• **EXTRACTED ENTRIES**:

^^^^^^^^^^^^^^^^

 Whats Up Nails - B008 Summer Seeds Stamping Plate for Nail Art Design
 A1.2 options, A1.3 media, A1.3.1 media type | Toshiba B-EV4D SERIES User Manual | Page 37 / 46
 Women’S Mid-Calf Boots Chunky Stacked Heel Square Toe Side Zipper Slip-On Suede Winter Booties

^^^^^^^^^^^^^^^^

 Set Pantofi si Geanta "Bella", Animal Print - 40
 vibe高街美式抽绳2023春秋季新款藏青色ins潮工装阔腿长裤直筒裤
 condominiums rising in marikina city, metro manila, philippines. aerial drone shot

^^^^^^^^^^^^^^^^

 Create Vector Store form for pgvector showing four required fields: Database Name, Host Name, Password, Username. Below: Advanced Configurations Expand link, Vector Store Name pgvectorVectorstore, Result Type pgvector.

^^^^^^^^^^^^^^^^

• **WHAT IS NEEDED**:
From the records above, copy only the lines starting with the line that holds "vibe高街美式抽绳2023春秋季新款藏青色ins潮工装阔腿长裤直筒裤" and going on through the line that holds "condominiums rising in", exactly as written.

• **YOUR RESPONSE**:
 vibe高街美式抽绳2023春秋季新款藏青色ins潮工装阔腿长裤直筒裤
 condominiums rising in marikina city, metro manila, philippines. aerial drone shot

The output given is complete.